### WORK TO COMPLETE:
For this item, repeat the material exactly while omitting its pictures.
━━━ GIVEN DATA ━━━
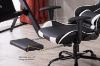 Picture of RACER Ergonomic Gaming Chair with Footrest (White)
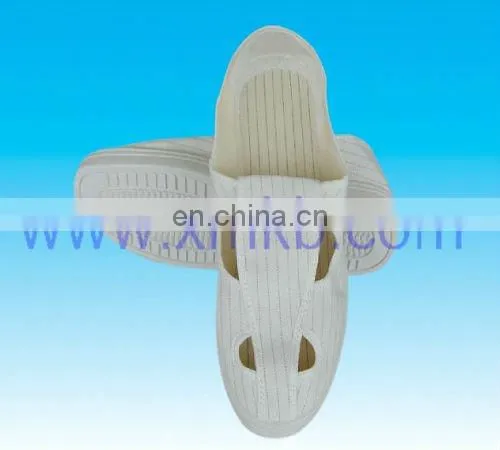 White Canvas Four-holes Shoes Slipper KB-AS010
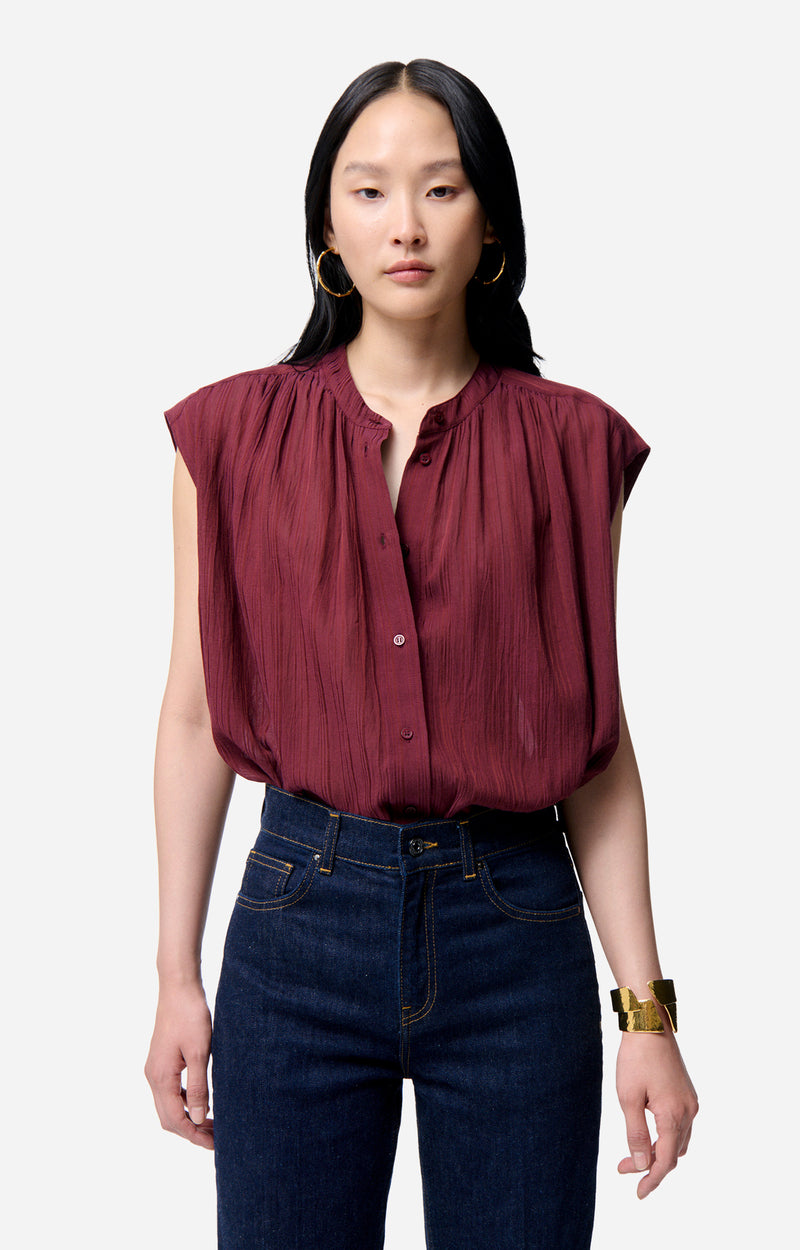 Vanessa Bruno Clio Blouse in Bordeaux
━━━
### FINAL ANSWER:
 Picture of RACER Ergonomic Gaming Chair with Footrest (White)
 White Canvas Four-holes Shoes Slipper KB-AS010
 Vanessa Bruno Clio Blouse in Bordeaux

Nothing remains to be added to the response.